The degree of corporate dependence on defence reduces further down supply chains. Certainly, many members of ADS, MAKE UK Defence and Tech UK (the industrial bodies that support access to the defence market), have members serving the commercial world as well. The perceived benefit of having some defence business is reflected in the growing number of companies joining these bodies. As mentioned earlier, another consideration is that supplying defence requires all firms to have high cybersecurity standards, which should enhance their overall resilience.
None of this constitutes hard evidence of the benefits of defence work, but it does signal that many firms see access to both sectors as beneficial. Spirit AeroSystems in Northern Ireland explicitly pursued the defence market as a strategy because, having experienced the collapse of commercial air transport during the Covid-19 pandemic, it recognised defence as a valuable counter-cyclical element.
An issue worth detailed research concerns the wider impact of defence work on dual-use suppliers. For example, can longer-term defence contracts justify capital investments that a predominance of short-term commercial contracts would make more risky? And can gaps between work be a difficulty for dual-use firms?
All these considerations suggest that, as a generalisation, defence business appears to have a higher impact on the UK economy than a superficial look would suggest. This message is reinforced when regional and local needs are considered.
The Local and Regional Economic Impact of Defence
Defence industrial and wider economic considerations loom larger once London is excluded from the picture.
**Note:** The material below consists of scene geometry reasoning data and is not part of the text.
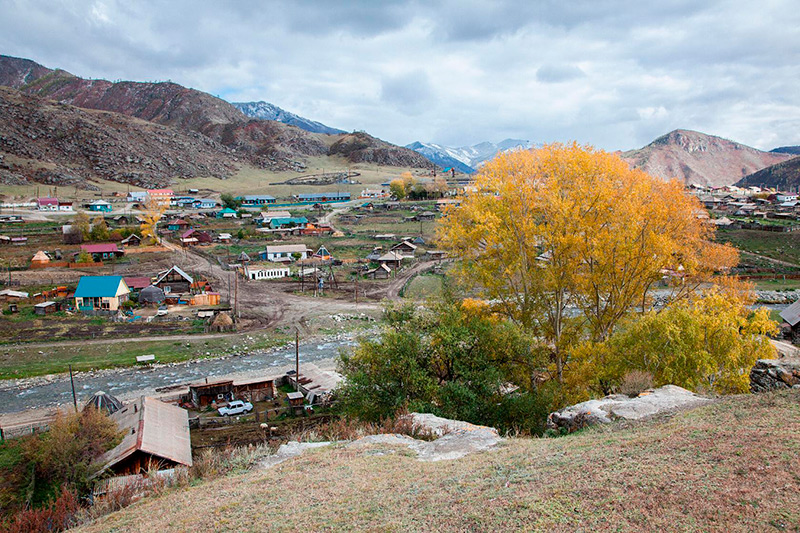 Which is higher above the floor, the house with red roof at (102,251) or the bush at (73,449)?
the house with red roof at (102,251)

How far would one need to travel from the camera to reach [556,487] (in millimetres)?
6164

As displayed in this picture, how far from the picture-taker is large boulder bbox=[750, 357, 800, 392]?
1344cm

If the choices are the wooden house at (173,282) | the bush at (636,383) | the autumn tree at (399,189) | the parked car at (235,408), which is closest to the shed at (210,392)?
the parked car at (235,408)

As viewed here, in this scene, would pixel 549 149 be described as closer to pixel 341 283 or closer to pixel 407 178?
pixel 341 283

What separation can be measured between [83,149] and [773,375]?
138 metres

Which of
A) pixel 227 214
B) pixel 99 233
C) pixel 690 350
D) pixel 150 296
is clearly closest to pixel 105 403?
pixel 690 350

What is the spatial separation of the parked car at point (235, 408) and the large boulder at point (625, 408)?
14332 millimetres

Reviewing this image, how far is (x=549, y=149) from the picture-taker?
1573 centimetres

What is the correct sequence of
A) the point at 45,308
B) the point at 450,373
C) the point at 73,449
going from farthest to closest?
1. the point at 45,308
2. the point at 73,449
3. the point at 450,373

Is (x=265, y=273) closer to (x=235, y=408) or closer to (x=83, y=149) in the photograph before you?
(x=235, y=408)

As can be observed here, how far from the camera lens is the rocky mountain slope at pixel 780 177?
144m

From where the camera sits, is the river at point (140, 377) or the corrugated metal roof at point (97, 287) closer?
the river at point (140, 377)

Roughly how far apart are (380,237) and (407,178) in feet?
156

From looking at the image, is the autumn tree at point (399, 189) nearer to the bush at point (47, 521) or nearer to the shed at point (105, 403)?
the shed at point (105, 403) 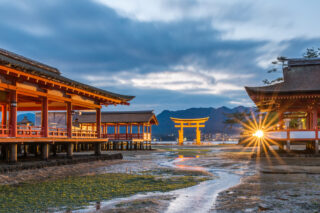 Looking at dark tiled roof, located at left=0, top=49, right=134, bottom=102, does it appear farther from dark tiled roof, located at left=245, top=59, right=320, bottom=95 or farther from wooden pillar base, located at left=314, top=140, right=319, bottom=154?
wooden pillar base, located at left=314, top=140, right=319, bottom=154

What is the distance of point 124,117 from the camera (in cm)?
4772

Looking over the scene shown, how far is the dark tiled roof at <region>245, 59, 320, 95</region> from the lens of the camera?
22427mm

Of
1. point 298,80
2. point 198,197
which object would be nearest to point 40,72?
point 198,197

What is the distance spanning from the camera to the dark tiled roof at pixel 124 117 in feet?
153

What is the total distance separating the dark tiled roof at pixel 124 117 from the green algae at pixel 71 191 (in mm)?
34342

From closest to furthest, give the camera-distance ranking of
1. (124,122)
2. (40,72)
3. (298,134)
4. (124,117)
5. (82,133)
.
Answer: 1. (40,72)
2. (82,133)
3. (298,134)
4. (124,122)
5. (124,117)

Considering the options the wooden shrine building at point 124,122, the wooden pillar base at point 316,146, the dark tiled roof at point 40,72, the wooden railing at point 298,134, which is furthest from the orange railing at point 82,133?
the wooden shrine building at point 124,122

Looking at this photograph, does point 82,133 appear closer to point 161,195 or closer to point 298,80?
point 161,195

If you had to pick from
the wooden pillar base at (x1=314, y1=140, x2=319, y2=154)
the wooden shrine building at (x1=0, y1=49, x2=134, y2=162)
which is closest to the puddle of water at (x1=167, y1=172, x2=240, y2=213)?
the wooden shrine building at (x1=0, y1=49, x2=134, y2=162)

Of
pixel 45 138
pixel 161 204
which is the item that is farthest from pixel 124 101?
pixel 161 204

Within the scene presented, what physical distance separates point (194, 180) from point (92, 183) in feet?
12.1

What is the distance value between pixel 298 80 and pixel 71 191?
65.2 ft

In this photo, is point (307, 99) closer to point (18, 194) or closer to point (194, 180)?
point (194, 180)

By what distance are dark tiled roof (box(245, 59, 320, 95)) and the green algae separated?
13.1m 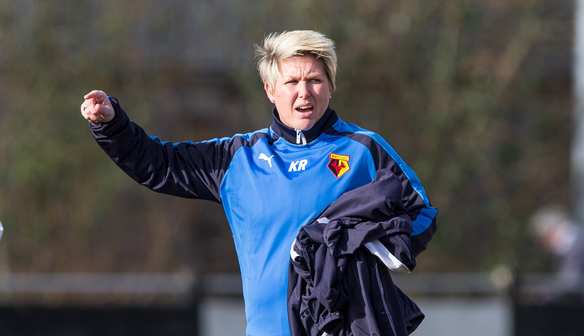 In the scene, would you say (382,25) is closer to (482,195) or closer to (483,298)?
(482,195)

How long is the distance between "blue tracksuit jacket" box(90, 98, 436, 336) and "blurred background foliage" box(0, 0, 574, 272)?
487 cm

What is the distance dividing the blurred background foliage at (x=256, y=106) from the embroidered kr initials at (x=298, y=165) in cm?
496

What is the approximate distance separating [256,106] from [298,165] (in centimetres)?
516

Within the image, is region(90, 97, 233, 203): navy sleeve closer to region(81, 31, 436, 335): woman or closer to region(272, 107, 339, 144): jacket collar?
region(81, 31, 436, 335): woman

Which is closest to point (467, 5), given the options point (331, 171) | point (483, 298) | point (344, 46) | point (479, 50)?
point (479, 50)

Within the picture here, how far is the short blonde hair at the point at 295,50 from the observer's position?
2.12 m

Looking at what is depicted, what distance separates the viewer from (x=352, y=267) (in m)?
1.96

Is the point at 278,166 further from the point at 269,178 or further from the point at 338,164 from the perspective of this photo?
the point at 338,164

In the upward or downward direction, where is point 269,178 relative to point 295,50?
downward

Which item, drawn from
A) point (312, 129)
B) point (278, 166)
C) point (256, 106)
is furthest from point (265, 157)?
point (256, 106)

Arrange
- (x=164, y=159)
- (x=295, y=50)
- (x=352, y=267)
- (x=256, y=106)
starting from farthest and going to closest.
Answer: (x=256, y=106)
(x=164, y=159)
(x=295, y=50)
(x=352, y=267)

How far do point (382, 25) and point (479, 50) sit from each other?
1134 millimetres

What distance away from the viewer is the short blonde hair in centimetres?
212

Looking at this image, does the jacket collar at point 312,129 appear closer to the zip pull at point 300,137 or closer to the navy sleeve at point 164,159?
the zip pull at point 300,137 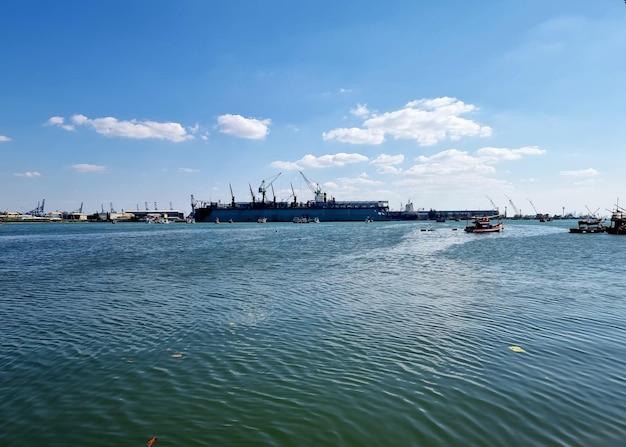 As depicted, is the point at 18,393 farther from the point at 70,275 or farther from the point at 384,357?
the point at 70,275

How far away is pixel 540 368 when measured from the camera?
35.4 ft

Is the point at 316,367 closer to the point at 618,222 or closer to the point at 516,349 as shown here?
the point at 516,349

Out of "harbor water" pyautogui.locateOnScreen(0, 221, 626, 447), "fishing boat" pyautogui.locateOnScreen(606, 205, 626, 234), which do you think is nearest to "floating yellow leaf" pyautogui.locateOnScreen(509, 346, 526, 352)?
"harbor water" pyautogui.locateOnScreen(0, 221, 626, 447)

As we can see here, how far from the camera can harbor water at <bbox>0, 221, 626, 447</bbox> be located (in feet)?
25.5

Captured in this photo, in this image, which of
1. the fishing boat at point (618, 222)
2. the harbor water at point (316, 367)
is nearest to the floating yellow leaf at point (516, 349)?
the harbor water at point (316, 367)

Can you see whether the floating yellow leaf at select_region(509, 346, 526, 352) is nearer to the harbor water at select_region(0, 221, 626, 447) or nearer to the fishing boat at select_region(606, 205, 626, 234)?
the harbor water at select_region(0, 221, 626, 447)

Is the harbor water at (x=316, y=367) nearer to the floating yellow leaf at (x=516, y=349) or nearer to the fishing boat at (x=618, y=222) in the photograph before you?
the floating yellow leaf at (x=516, y=349)

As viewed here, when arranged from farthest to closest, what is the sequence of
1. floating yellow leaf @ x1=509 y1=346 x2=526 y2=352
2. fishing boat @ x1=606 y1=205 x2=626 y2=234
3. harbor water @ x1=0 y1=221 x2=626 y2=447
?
fishing boat @ x1=606 y1=205 x2=626 y2=234, floating yellow leaf @ x1=509 y1=346 x2=526 y2=352, harbor water @ x1=0 y1=221 x2=626 y2=447

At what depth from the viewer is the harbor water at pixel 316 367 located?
306 inches

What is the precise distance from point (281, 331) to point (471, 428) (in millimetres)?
8520

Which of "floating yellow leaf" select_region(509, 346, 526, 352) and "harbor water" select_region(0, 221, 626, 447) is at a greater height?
"floating yellow leaf" select_region(509, 346, 526, 352)

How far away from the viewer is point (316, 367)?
11.1m

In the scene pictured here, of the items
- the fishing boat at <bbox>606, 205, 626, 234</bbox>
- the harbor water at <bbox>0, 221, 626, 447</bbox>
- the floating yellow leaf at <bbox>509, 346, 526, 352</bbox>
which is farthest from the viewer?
the fishing boat at <bbox>606, 205, 626, 234</bbox>

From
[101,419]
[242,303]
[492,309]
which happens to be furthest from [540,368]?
[242,303]
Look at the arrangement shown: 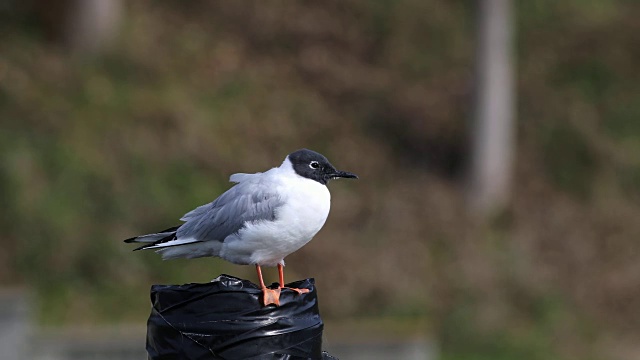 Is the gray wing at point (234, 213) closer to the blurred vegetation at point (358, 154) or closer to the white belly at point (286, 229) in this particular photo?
the white belly at point (286, 229)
MoD data shows that London only gets around £2 billion in defence spending – around 7% of the total. London accounts for 13% of the UK population but 23% of GDP. In brief, although London has some very poor areas, it is much richer than the rest of the UK, while not receiving much from the defence budget. GDP per head in London was £69,000 in 2023. GDP per head in the southeast made it the next highest income region at £41,319. This high level in the southeast might be surprising, but the delineation of naval facilities in and around Portsmouth, plus army facilities in the southeast, contribute to this.
None of the MoD’s top 10 suppliers has major defence manufacturing installations in the southeast, but BAE Systems employs around 650 staff at Frimley, who carry out IT and ship support work. Airbus is now the owner of Surrey Satellites, based in Guildford.
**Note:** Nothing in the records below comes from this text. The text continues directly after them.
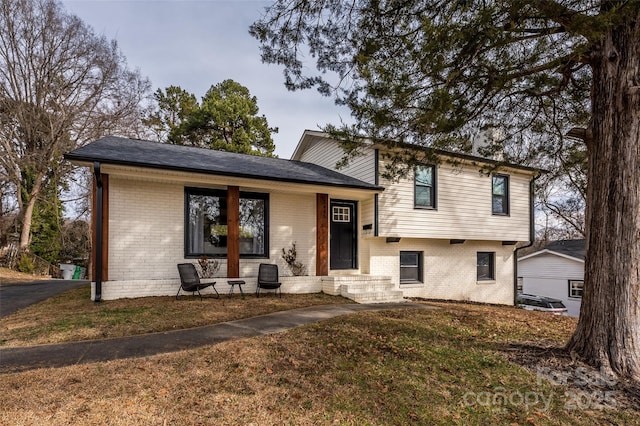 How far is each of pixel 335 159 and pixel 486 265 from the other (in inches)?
295

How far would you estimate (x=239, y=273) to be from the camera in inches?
390

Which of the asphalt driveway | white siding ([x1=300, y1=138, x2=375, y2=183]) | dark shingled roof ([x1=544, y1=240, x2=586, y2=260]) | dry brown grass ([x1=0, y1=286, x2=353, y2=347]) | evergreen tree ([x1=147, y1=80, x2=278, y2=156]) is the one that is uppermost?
evergreen tree ([x1=147, y1=80, x2=278, y2=156])

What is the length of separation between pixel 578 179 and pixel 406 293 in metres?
7.51

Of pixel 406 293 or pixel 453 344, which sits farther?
pixel 406 293

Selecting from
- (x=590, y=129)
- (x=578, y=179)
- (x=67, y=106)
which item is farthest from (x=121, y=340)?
(x=67, y=106)

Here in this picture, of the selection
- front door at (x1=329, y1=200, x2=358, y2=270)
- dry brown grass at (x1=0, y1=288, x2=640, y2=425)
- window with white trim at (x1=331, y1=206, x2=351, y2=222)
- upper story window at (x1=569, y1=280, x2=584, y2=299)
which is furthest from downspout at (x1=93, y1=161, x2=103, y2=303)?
upper story window at (x1=569, y1=280, x2=584, y2=299)

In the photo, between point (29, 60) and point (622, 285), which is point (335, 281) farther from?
point (29, 60)

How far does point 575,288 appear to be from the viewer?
20672 mm

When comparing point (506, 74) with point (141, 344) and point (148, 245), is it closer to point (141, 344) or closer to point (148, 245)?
point (141, 344)

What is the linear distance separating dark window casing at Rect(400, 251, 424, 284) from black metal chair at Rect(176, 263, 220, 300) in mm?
6337

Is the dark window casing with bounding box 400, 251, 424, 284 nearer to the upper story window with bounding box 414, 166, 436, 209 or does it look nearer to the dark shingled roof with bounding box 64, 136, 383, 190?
the upper story window with bounding box 414, 166, 436, 209

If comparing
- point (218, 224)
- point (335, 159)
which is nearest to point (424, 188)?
point (335, 159)

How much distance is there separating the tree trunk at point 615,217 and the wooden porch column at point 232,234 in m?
7.52

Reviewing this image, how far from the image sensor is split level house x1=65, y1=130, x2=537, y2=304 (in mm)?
8586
Comparing defence spending per capita in different areas with GDP per capita suggests the positive impact of defence (except in the southeast). Defence spending per capita is high in the northwest, the southwest and Scotland. These regions, despite having either extensive coastal boundaries or significantly de-industrialised communities, have slightly higher GDP per capita than any other UK region (except London and the southeast). For the southwest, there is little defence activity in Cornwall compared with other counties in the region. It is possibly not a coincidence that it has higher unemployment and lower pay than the overall southwest region.
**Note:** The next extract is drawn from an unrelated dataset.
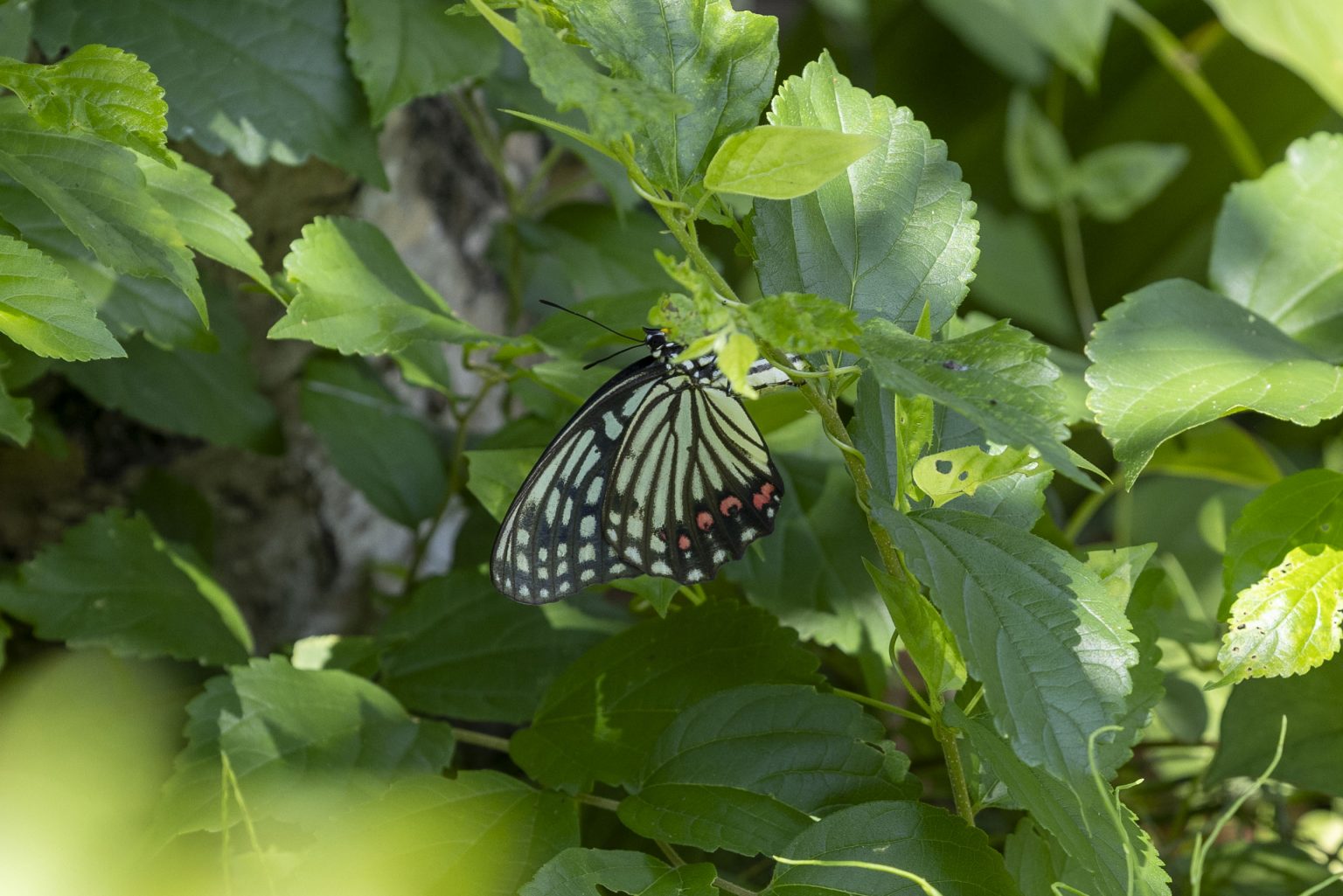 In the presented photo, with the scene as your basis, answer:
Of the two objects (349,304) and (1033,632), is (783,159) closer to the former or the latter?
(1033,632)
Recognition that defence spending in a local area can be of significance is reflected in the focused interest that MPs from Scotland, Wales and Northern Ireland show in whether their regions are getting their share of defence, however “defence” is defined. The Scottish Affairs Committee has completed a series of inquiries, with those members who oppose Scottish independence looking for evidence of the benefits of being in the UK. The Scottish National Party finds it awkward to oppose shipbuilding links with the rest of the UK that bring so many benefits to Scotland. The Welsh Affairs Committee can see how little defence work has come to their area, and the Northern Ireland Affairs Committee is in a similar place. Both the Northern Ireland and Wales inquiries established by these committees were terminated due to the June 2024 general election.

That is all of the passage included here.